Does this product have analytic continuation?
Let $\sigma:=\mathrm{Re}(s)$, and consider the principal branch of the logarithm. For $\sigma>3/2$ we have $$\begin{align*}p\log(1-p^{-s})-\log(1-p^{1-s})&=p\left(-p^{-s}+O(p^{-2\sigma})\right)-\left(-p^{1-s}+O(p^{2-2\sigma})\right)\\&=O(p^{2-2\sigma}),\end{align*}$$ hence the "Euler sum" $$H(s):=\sum_p\left\{p\log(1-p^{-s})-\log(1-p^{1-s})\right\},\qquad\sigma>3/2,$$ converges locally uniformly (and absolutely). This implies that the Euler product $$ G(s):=\exp(H(s))=\prod_p\frac{(1-p^{-s})^p}{1-p^{1-s}},\qquad\sigma>3/2,$$ defines a non-vanishing holomorphic function. In the original half-plane $\sigma>2$, we have $$ G(s)=\frac{\zeta(s-1)}{F(s)},\qquad\sigma>2,$$ hence $F(s)=\zeta(s-1)/G(s)$ extends to a meromorphic function in $\sigma>3/2$ with a simple pole at $s=2$ and no other pole there.
Regarding your second question, I am not aware of any papers where this function was studied. My argument above is rather standard though.
$$P(s) = \sum_p p^{-s}, \qquad \log F(s) = \sum_{p^k} \frac{p^{1-sk}}{k} = \sum_{k\ge 1} \frac{P(sk-1)}{k}$$
$P(s) = \sum_{n=1}^\infty \frac{\mu(n)}{n} \log \zeta(ns)$ and $P_N(s) = \sum_{n=N+1}^\infty \frac{\mu(n)}{n} \log \zeta(ns)$ is analytic for $\Re(s) > \frac{1}{N+1}$ so that $$e^{N! P(s)} = e^{N! P_N(s)}\prod_{n=1}^{N-1} \zeta(ns)^{\mu(n) \frac{N! }{n}}$$ is meromorphic for $\Re(s) > \frac{1}{N+1}$ providing the analytic continuation of $P(s)$ :
$P(s)$ has a branch point at $\frac{\rho}{N}$ for each $N\ge 1$ and non-trivial zero $\rho$ of $\zeta$.
Therefore $P(s)$ has a natural boundary on $\Re(s) = 0$ and no analytic continuation exists beyond there.

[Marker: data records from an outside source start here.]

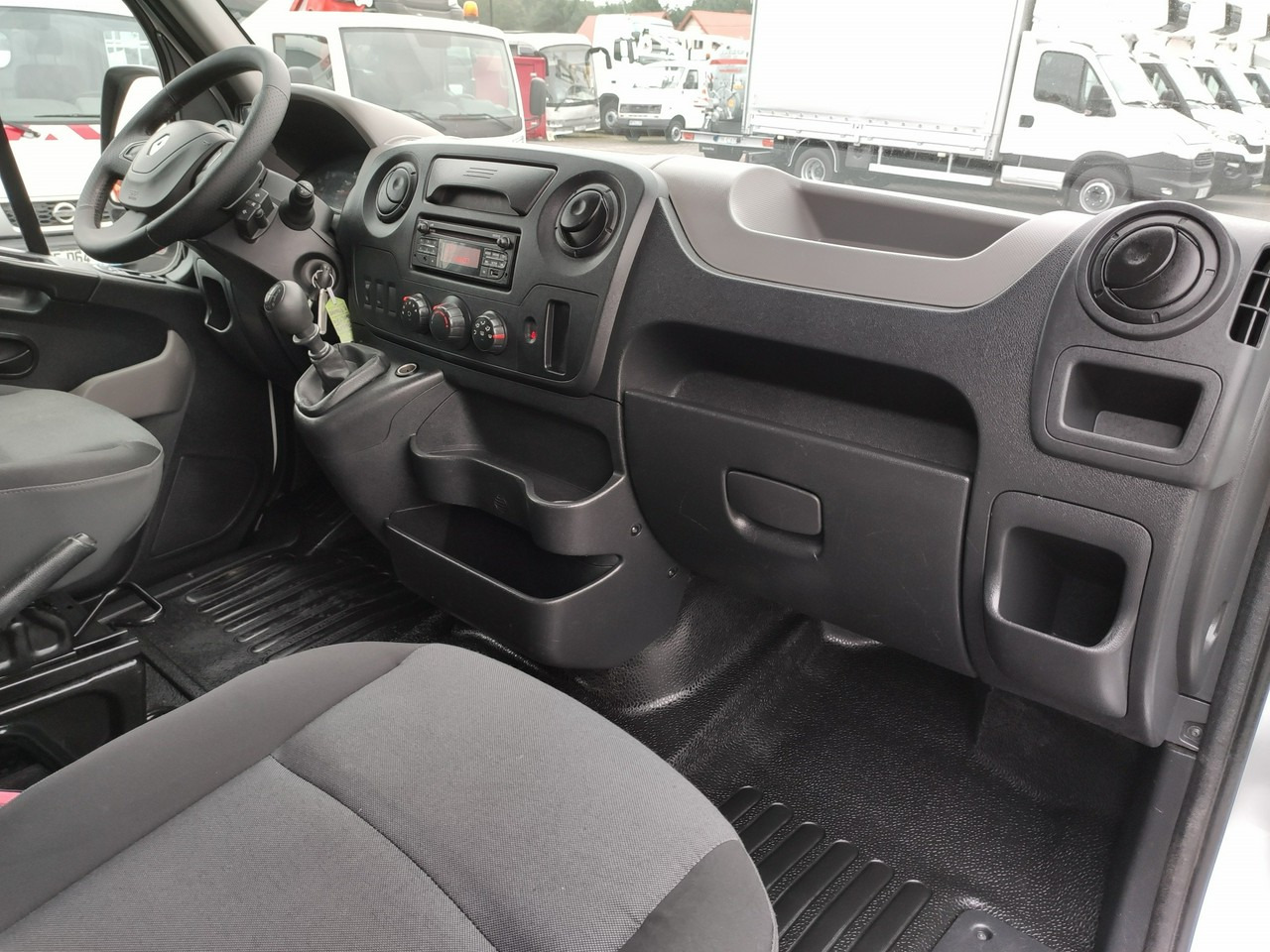 Platform udara yang dipasang di truk Renault Master: gambar 37
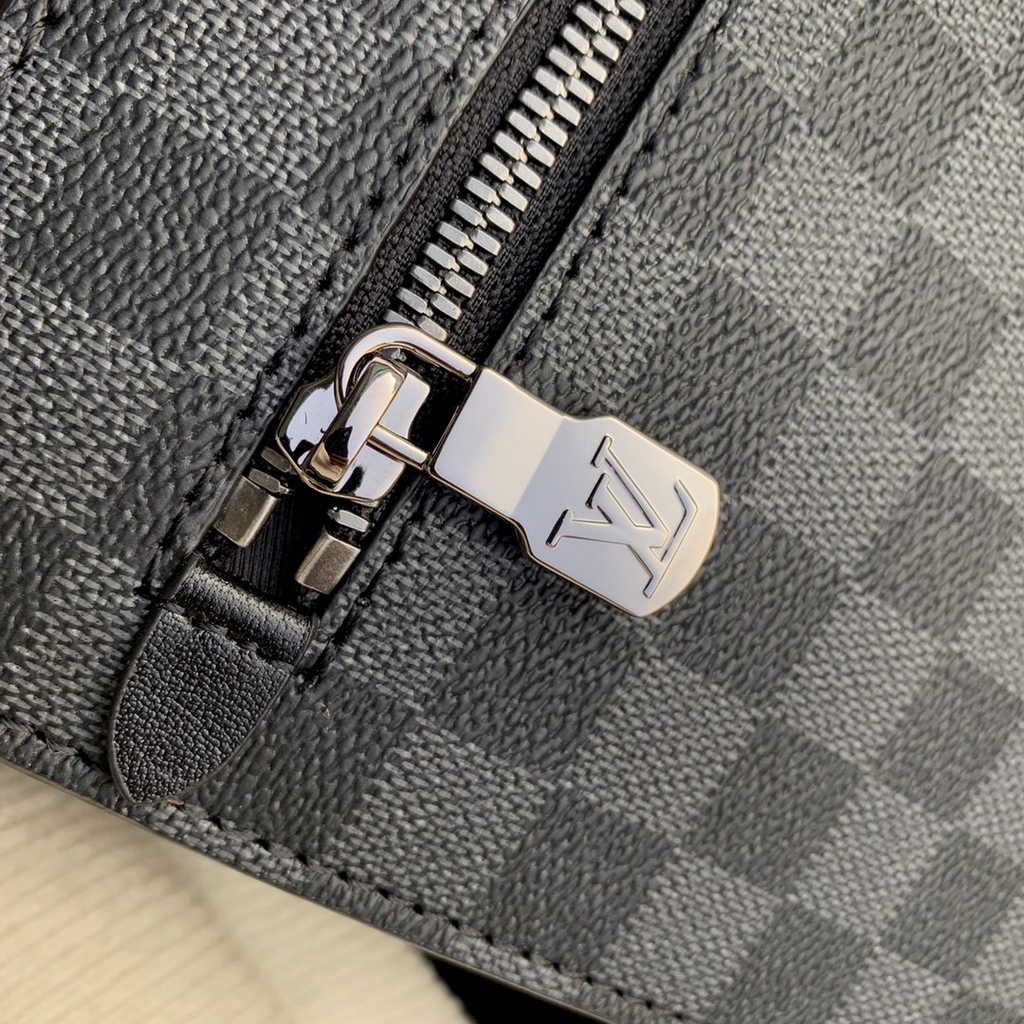 Louis Vuitton M44733 Double Flat Messenger Monogram Eclipse canvas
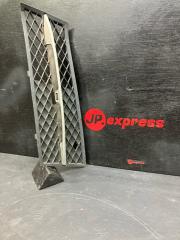 Решетка в бампер передняя левая BMW 5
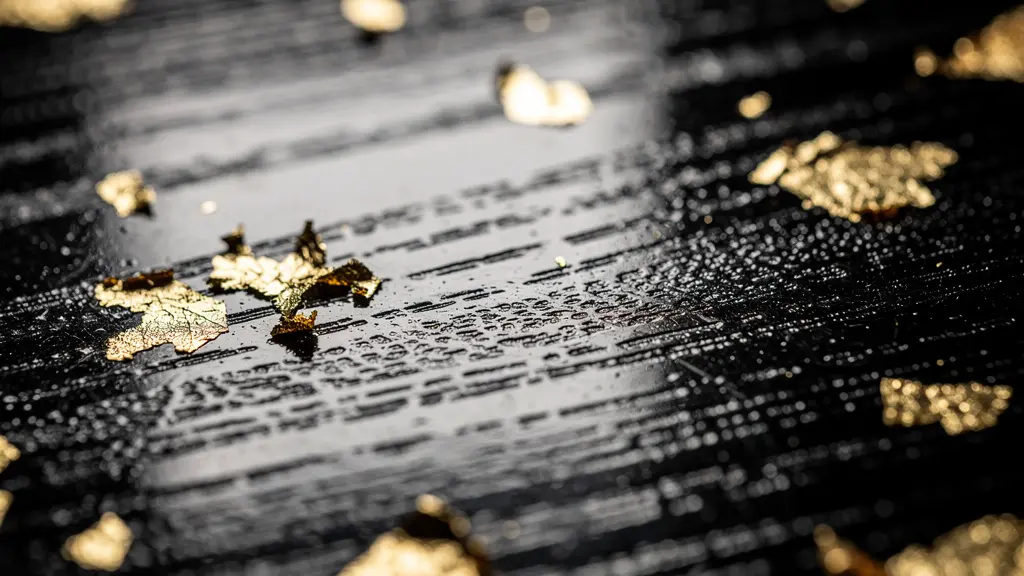 Gros plan sur une surface de bois laqué noir avec reflets dorés, montrant la texture et la profondeur du matériau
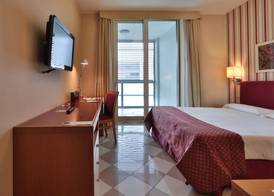 UNA Hotels The One Milano Hotel & Residence 2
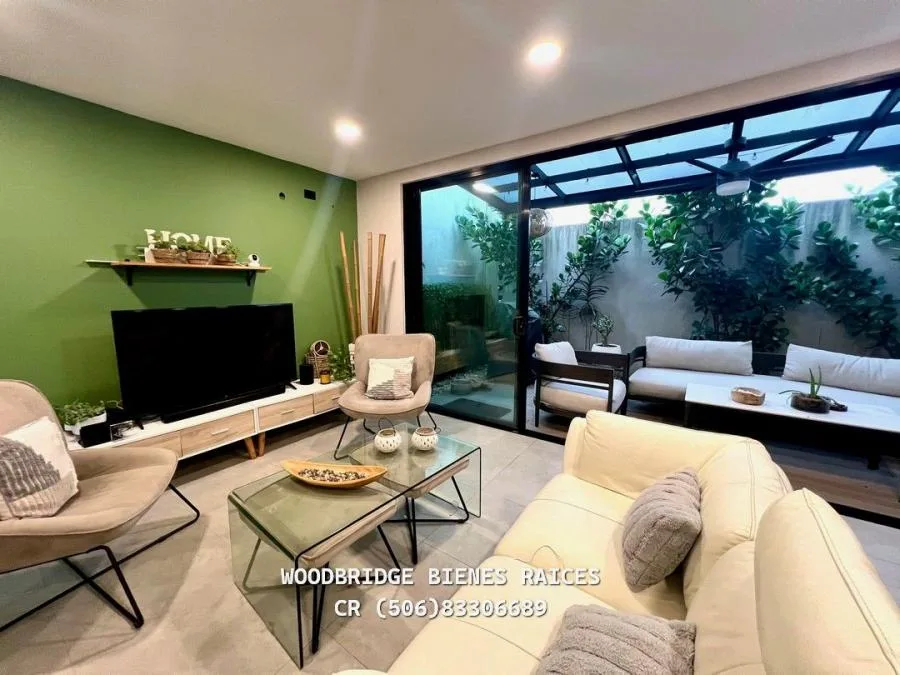 Escazu casa en venta $325.000 / Guachipelin, en condominio - Venta en Escazú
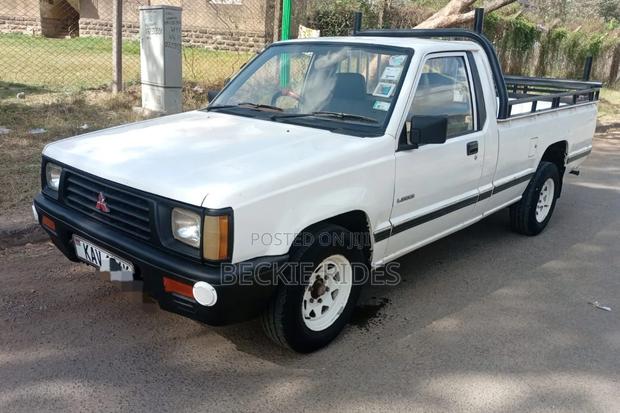 Mitsubishi L200 1998 White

For the same reason $F(s)^{N!}$ is meromorphic for $\Re(s) > 1+\frac{1}{N+1}$ and $\log F(s)$ has a branch point at $1+\frac{\rho}{N}$ for every $N\ge 1,\rho$ and hence a natural boundary on $\Re(s) = 1$ and no analytic continuation exists beyond there.